Militants carried out mass killings of Iraqi security forces and civilians. Online videos showed Humvees, trucks and other equipment speeding out of Ramadi, with soldiers gripping onto their sides.

“Ramadi has fallen,” said Muhannad Haimour, a spokesman for the governor of Anbar province. “The city was completely taken. … The military is fleeing.”

Prime Minister Haider al-Abadi ordered security forces not to abandon their posts across Anbar province, apparently fearing that the extremists could capture the entire desert region that saw intense fighting after the 2003 U.S.-led invasion to topple dictator Saddam Hussein.

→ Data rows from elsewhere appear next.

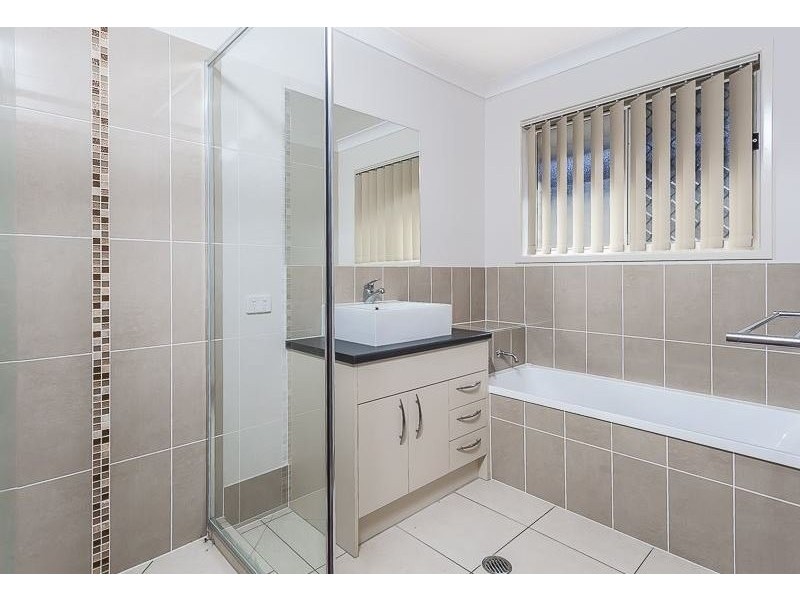 23 Dickson Crescent, North Lakes QLD 4509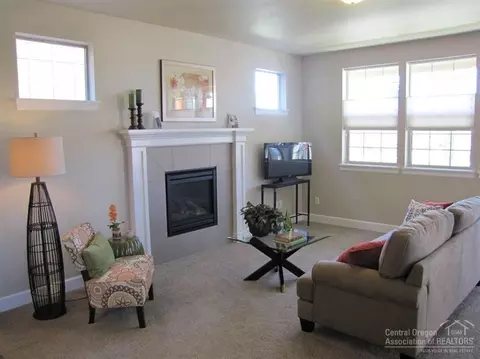 20548 Gloucester, Bend, OR 97701 photo 10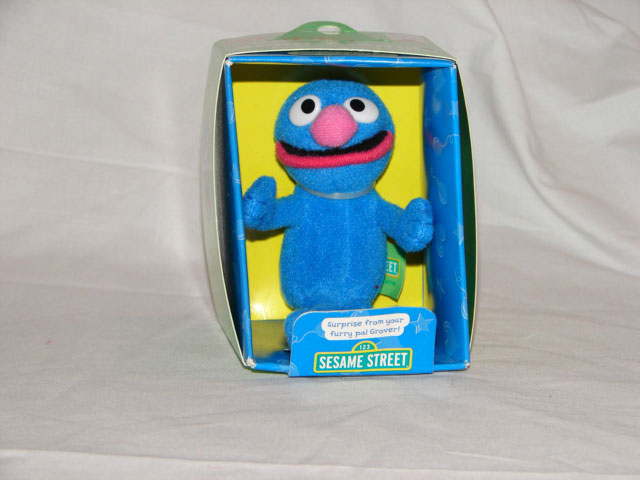Gund Send A Smile Grover Model # 75790
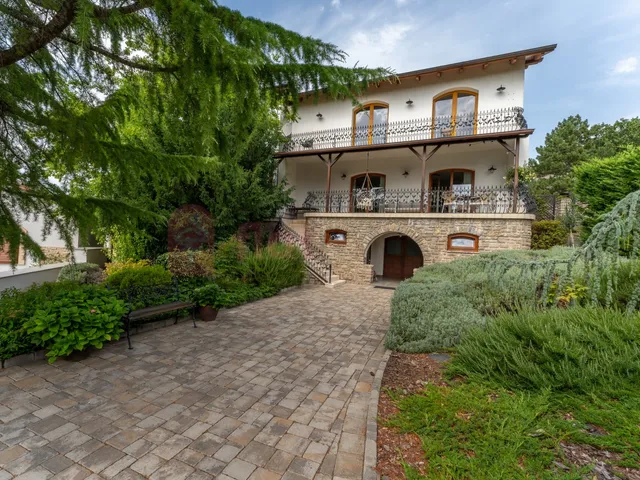 Eladó ház Pécs, Szkókó 265 nm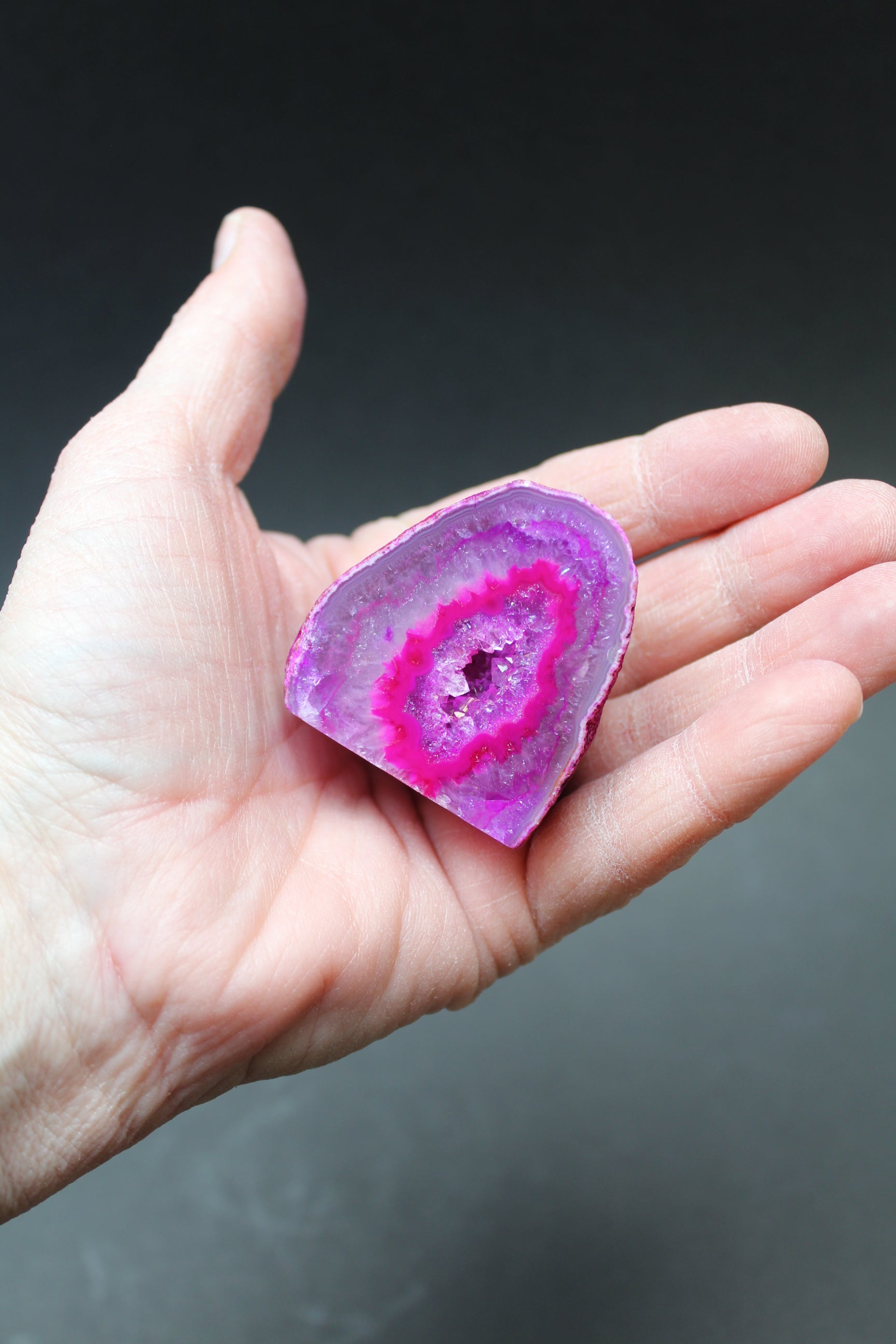 Pink Agat Grotte Nr. 3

Sunday’s retreat recalled the collapse of Iraqi security forces last summer in the face of the Islamic State group’s blitz into Iraq that saw it capture a third of the country, where it has declared a caliphate, or Islamic State.

Earlier, al-Abadi ordered Shiite militias to prepare to go into the Sunni-dominated province, ignoring U.S. concerns that their presence could spark sectarian bloodshed. By late Sunday, a large number of Shiite militiamen had arrived at a military base near Ramadi, apparently to participate in a possible counteroffensive, said the head of the Anbar provincial council, Sabah Karhout.

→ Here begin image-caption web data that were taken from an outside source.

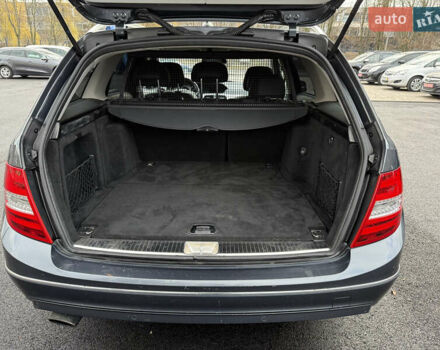 Серый Мерседес Ц-Класс, объемом двигателя 1.8 л и пробегом 317 тыс. км за 10650 $, фото 17 на Automoto.ua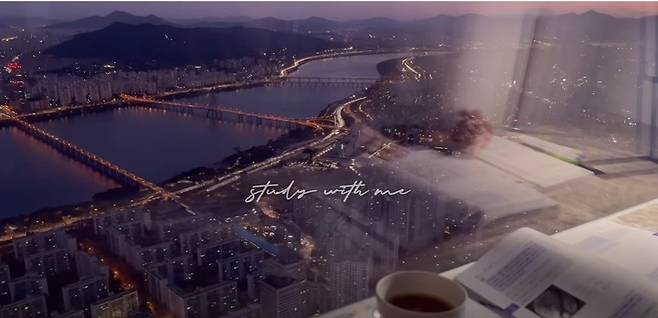 [서울=뉴시스]유튜브 채널 '유칼립투스'는 지난해 4월20일 '서울 SKY에서 공부하는 2시간 스터디윗미 2HR STUDY WITH ME with SEOUL SKY VIEW' 제목의 영상을 게재했다. (사진=유튜브 채널 유칼립투스 영상 캡처) 2023.02.17. photo@newsis.com  *재판매 및 DB 금지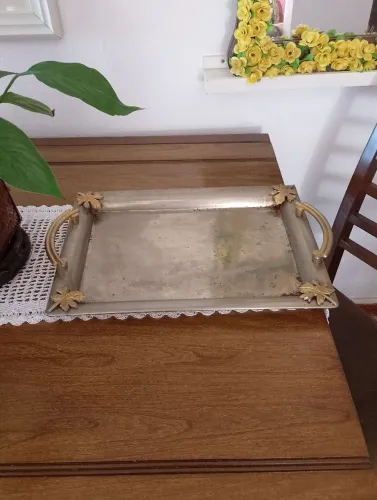 Bandeja decorativa vintage com detalhes dourados. UM BANHO DE NÍQUEL FICA NOVA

According to Sunni tribal leader, many tribal fighters died trying to defend the city, and bodies, some charred, were strewn in the streets, while others had been thrown in the Euphrates River. Ramadi mayor Dalaf al-Kubaisi said that more than 250 civilians and security forces were killed over the past two days, including dozens of police and other government supporters shot dead in the streets or their homes, along with their wives, children and other family members.

The U.S.-led coalition said that it conducted seven airstrikes in Ramadi in the last 24 hours. “It is a fluid and contested battlefield,” said Army Col. Steve Warren, a Pentagon spokesman. “We are supporting (the Iraqis) with air power.”